El paquete de billetes era grueso y pesado. Caroline lo sostuvo en las manos, sin saber qué hacer con él. Al ver sus apuros, el señor Berringer volvió a hacer señas al empleado, quien buscó una bolsa de tela para ocultar el dinero de ojos curiosos. Fuera, Caroline se detuvo en la acera y miró a los transeúntes, los caballos y los carros. Se había sentido tan a gusto entre la gente. Ahora no se sentía a gusto en ninguna parte. Esa era su oportunidad para ir de tiendas, comprar libros, comestibles o algo de ropa, pero no se le ocurrió nada que quisiera. Al ver una mercería compró una manta de ganchillo blanca y suave para William, y un pequeño capazo de paja tejida.

—Estará más fresco con este calor que en el portabebés de cuero en el que va —explicó a Hutch.

—Es muy amable, Caroline. Estoy seguro de que Magpie estará encantada.

Hutch guardó los regalos debajo del banco de la calesa. Mucho después, demasiado tarde para que pudiera hacer algún comentario al respecto, Caroline cayó en la cuenta de que Hutch la había llamado por primera vez por su nombre de pila.

Se quedaron una sola noche, en el mismo hotel donde se habían alojado la noche de la fiesta.

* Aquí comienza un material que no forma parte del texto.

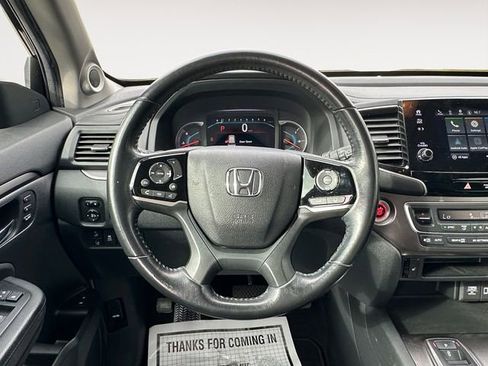 Used 2022 Honda Pilot EX-L image 12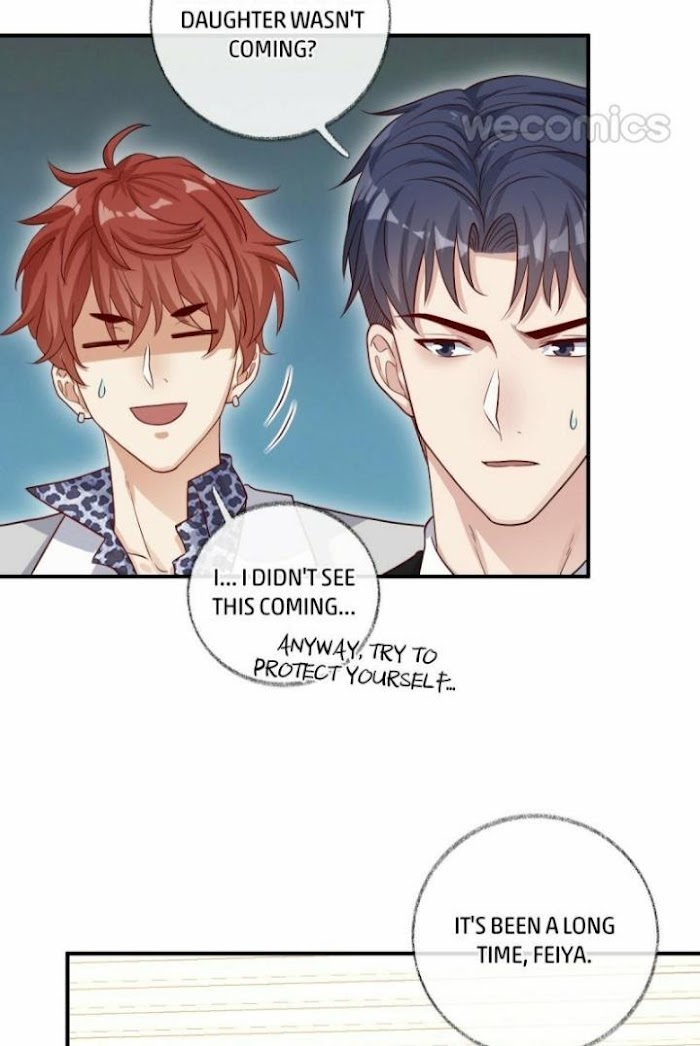 Read Pay Me Back, Mr. Cat chapter 15 image 14 on Lezhin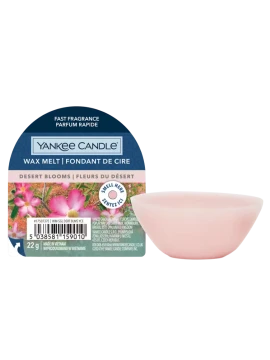 Yankee Candle - Desert Blooms Melting Wax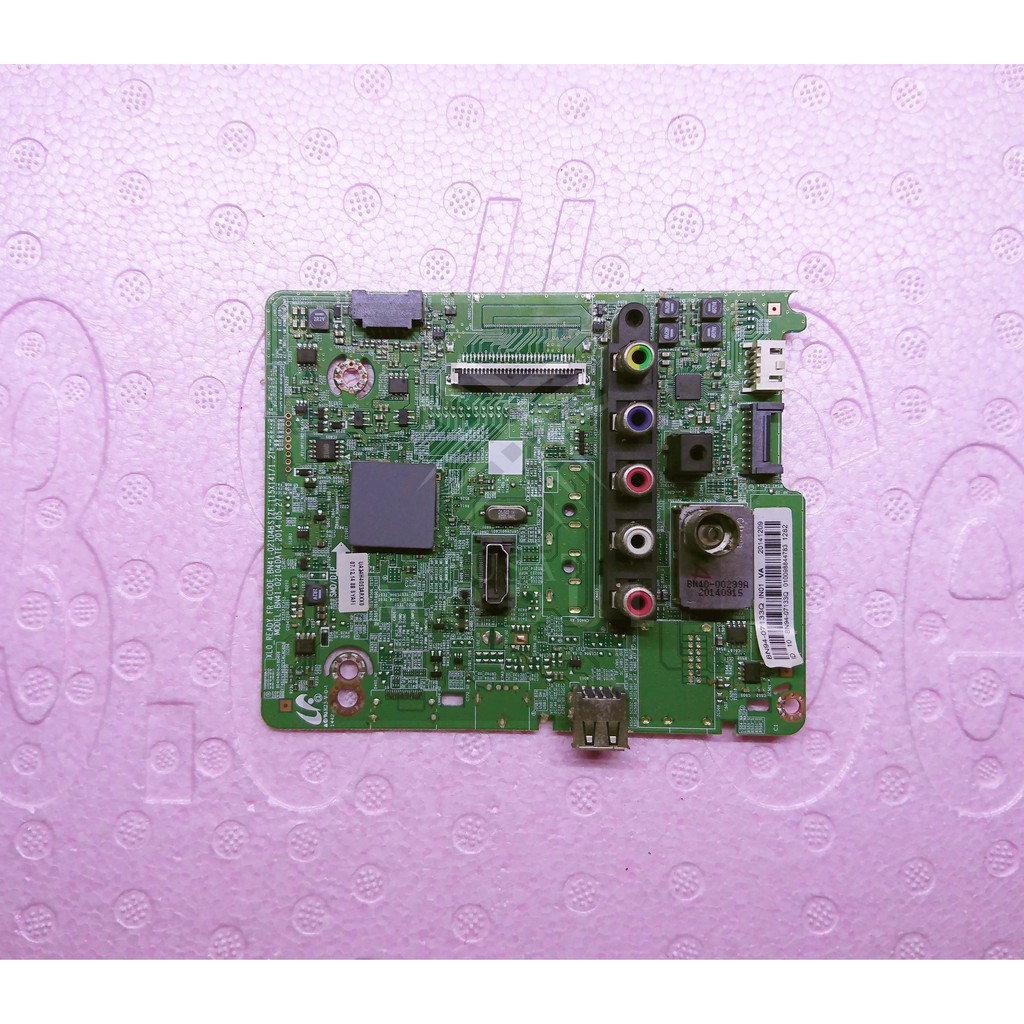 MAINBOARD SAMSUNG UA24H4053AR LED TV | MESIN TV BN41-02104B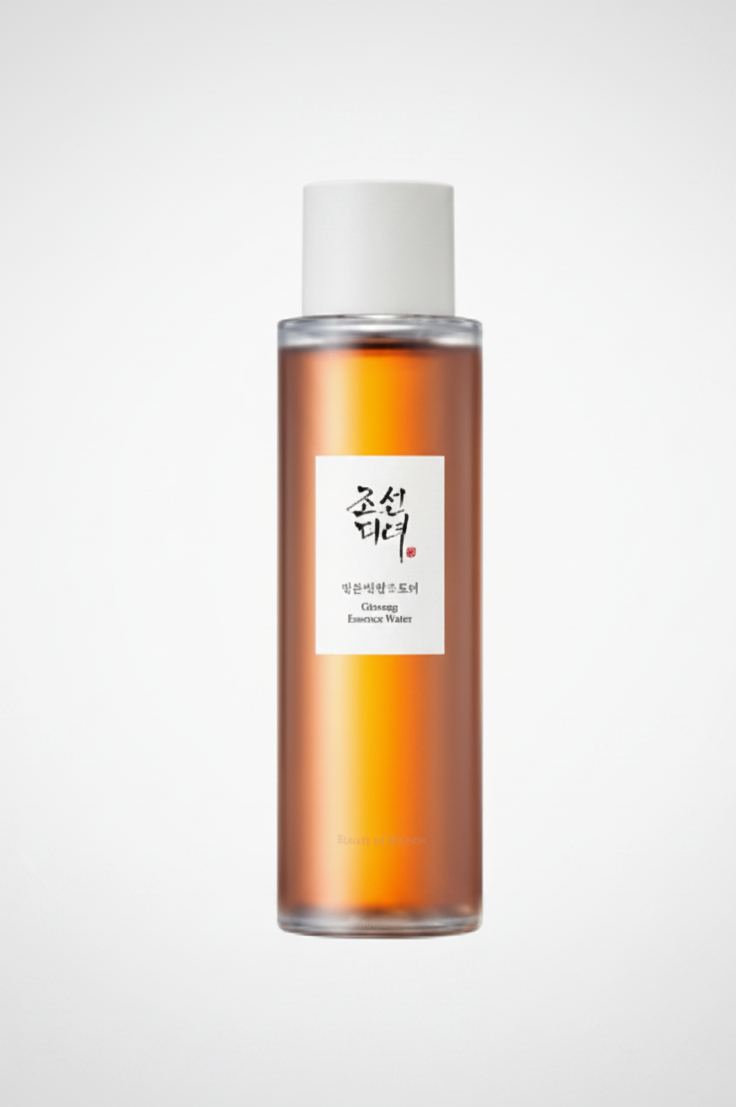 Beauty of Joseon Ginseng Essence Water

Caroline pidió la misma habitación pero estaba ocupada. Le habría gustado permanecer en un lugar donde Corin había estado, como un peregrino visitando un santuario; como si el lugar lo recordara y su esencia pudiera percibirse aún en él. Se quedó mirando por la ventana cómo se ponía el sol, pintando la ciudad de tonalidades rosas y doradas. Observó a la gente que pasaba y le llegaron fragmentos de sus conversaciones, de sus carcajadas efervescentes, y trató de recordar cómo era ser uno de ellos. Cuando se hizo de noche vio salir a Hutch, con el pelo bien planchado y una camisa limpia. Se alejó despacio por la calle principal y Caroline lo observó hasta que lo perdió de vista entre la multitud.

Los sueldos de los hombres apenas supusieron un tercio del fajo de billetes, y Caroline guardó el resto en la bolsa de tela y la metió en su neceser. Tocó algo con la mano y lo sacó. Era la bolsita de terciopelo azul, con las esmeraldas y otras bonitas joyas de su madre. Desenrolló el collar y contempló las brillantes piedras pensando en la última vez que las había llevado, la noche que había conocido a Corin. ¿Adonde había creído que las llevaba? Se veían ridículas en esa habitación tan sencilla; como flores de invernadero en un campo de trigo. Se las puso por encima y se miró en el espejo. ¡Qué distinta estaba ella ahora! Tan demacrada, tan bronceada; con un puñado de pecas en la nariz, y el pelo mate y desarreglado. Parecía una doncella probándose las joyas de su señora, y se dio cuenta de que nunca podría volver a llevarlas. No tenían cabida en la pradera. Enrolló el collar y lo guardó de nuevo en el neceser. Luego, sin pararse a pensar, empaquetó algunas cosas más: ropa interior limpia y varias blusas; un camisón con las mangas largas que daba demasiado calor en verano, peines y polvos para la cara. Cerró la tapa y sujetó los cierres, preguntándose adonde se creía que podía ir.